「不思議な薬箱を開く時・薬種・薬剤編」
アルラウネについて
マンドレイクの亜種として、
ドイツにアルラウネ(Alraune)、
アルラウン、アララウン、アルリュネケン、
エルトメンヒェン(erdmännchen「大地の小人」)があります。
この呼称は、古高ドイツ語の語彙集において、
アルルーナ(Alrûna)、
アルルーン(Alrûn)という単語が当てられています。
ホルヘ・ルイス・ボルヘスによればもとは(Alruna)で、
「ささやき」または「ざわめき」を意味した(Rune)からで、「謎を書かれたもの」を意味します。
アルラウネは通常ドイツ語辞書において、
alp(夢魔) raunen(囁く)の合成語とされ、
盗賊の家系に生まれた者、
妊婦なのに盗みをしたりしようとした女性から生まれた者、
実際には無実なのに、
拷問にかけられて泥棒の「自白」をした者が縛り首にされたとき、
彼らが童貞であって、死に際に尿や精液を地にたらすと、
その場所からアルラウネ、
またはガルゲンメンライン(Galgenmännlein「絞首台の小人」)が生じます。
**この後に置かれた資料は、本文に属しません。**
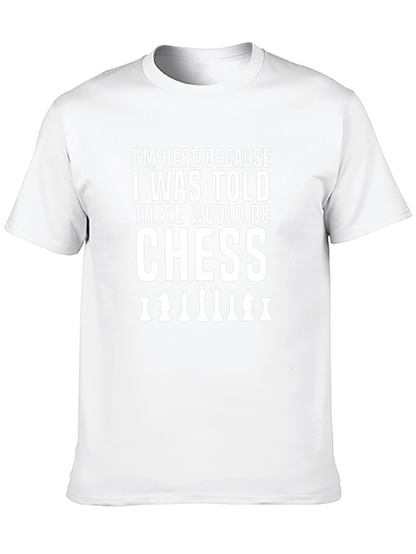 Chess T-Shirt: Here for the Chess!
アルラウネを引き抜く方法はマンドレイクと同じ手順ですが、
保存の方法は、かなりの相違があるようです。
手に入れたアルラウネを赤ブドウ酒できれいに洗い、
紅白模様の絹布で包み、箱に収めます。
アルラウネは毎週金曜日に取り出して風呂で洗い、
新月の日には新しい布を着せなければなりません。
手間をかけて、大切にすることで、
アルラウネに、様々な質問の答えを求めることができるようになります。
この植物は未来のことや秘密のことを教えてくれるのです。
しかしあまりに大きな要求をすると力が弱って死んでしまうので注意しましょう。
アルラウネは、当初の持ち主が亡くなりますと、
故人の末の息子がこれを相続する習わしです。
父の棺には、必ずパンの切れ端と一枚の貨幣を入れてください。
しかし息子が父より先に死んだら所有権は長男のものとなります。
このときも末の息子の棺にパンの切れ端と貨幣をいれなけれます。
ヤーコプ・グリムは、『ドイツ神話学』第37章「薬草と鉱石」において、
アルラウネの語源はドイツ古代の女神アルラウン(Alraun)ではないか、と主張しました。